In human linguistics the topic, the question, or the agreement would exist first in the state properties of each individual, that is, remembered in their conditional properties, and therefore available to affect what each may say or do next by helping to control which procedures are executed. The topic, question, or agreement need not be identically represented in the properties of the different individuals. In human linguistics the topic, the question, or the agreement can also be analyzed at the group or linkage level. It takes at least two people to agree, to disagree, or to negotiate, and the linkage can have properties of agreement or disagreement in the group, or of a continuing state of negotiation. Thus in human linguistics the context of situation is embedded in the properties of the individuals and linkages rather than being a free-floating abstraction.2
PRAGMATIC PHENOMENA
Pragmatic phenomena have excited considerable interest in recent years. It is observed that by means of speech signals people can make promises, seal bargains, make bets, and christen ships. They can do such things as warning, commanding, asking, requesting. They can carry out many other everyday activities simply by means of speech or other communicative behavior.

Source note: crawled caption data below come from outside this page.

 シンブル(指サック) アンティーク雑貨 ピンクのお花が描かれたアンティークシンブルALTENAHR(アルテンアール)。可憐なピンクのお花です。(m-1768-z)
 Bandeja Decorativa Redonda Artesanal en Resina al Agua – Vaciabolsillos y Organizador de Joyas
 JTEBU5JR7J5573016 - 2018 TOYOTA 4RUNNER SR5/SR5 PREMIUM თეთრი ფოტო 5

To this one should add phenomena of cooperation. It can be observed that the exchange of communicative signals such as speech serves to coordinate social activities of all sorts, from the family to friendships to activities in the workplace to shopping to participation in all the public and private entities that a person is associated with.

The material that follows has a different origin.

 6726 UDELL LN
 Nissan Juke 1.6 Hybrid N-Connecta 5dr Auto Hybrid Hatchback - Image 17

Pragmatic phenomena were seen as anomalous from the point of view of theories that placed emphasis on logic and the idea that sentences express propositions that can be judged true or false (Austin 1962). Attempts have been made by philosophers and linguists to treat such phenomena in a pragmatic theory, and a number of interesting insights have been gained. The effort, however, has had many problems well known to those who have followed the literature. These problems are usually related to the retention of traditional concepts of language. For example, when someone makes a promise to someone else, what really happens? A discussion rooted in the domain of language and grammar does not offer satisfactory answers.
A distinction between syntax, semantics, and pragmatics was formulated by Morris (1938:6) and Carnap (1942:9). According to this distinction, investigations that make explicit reference to the user of a language are in the field of pragmatics. If they abstract from the user of the language and analyze only the expressions and their designata (i.e., what is referred to), they are in the field of semantics. If they abstract from the designata also and analyze only the relations between the expressions, they are in the field of (logical) syntax. Thus in this view semantics includes syntax, and pragmatics includes both semantics and syntax. This conception, on the face of it, appears to surmount the barrier between the domain of logic and language and the domain of people, and to move in the direction of a human linguistics.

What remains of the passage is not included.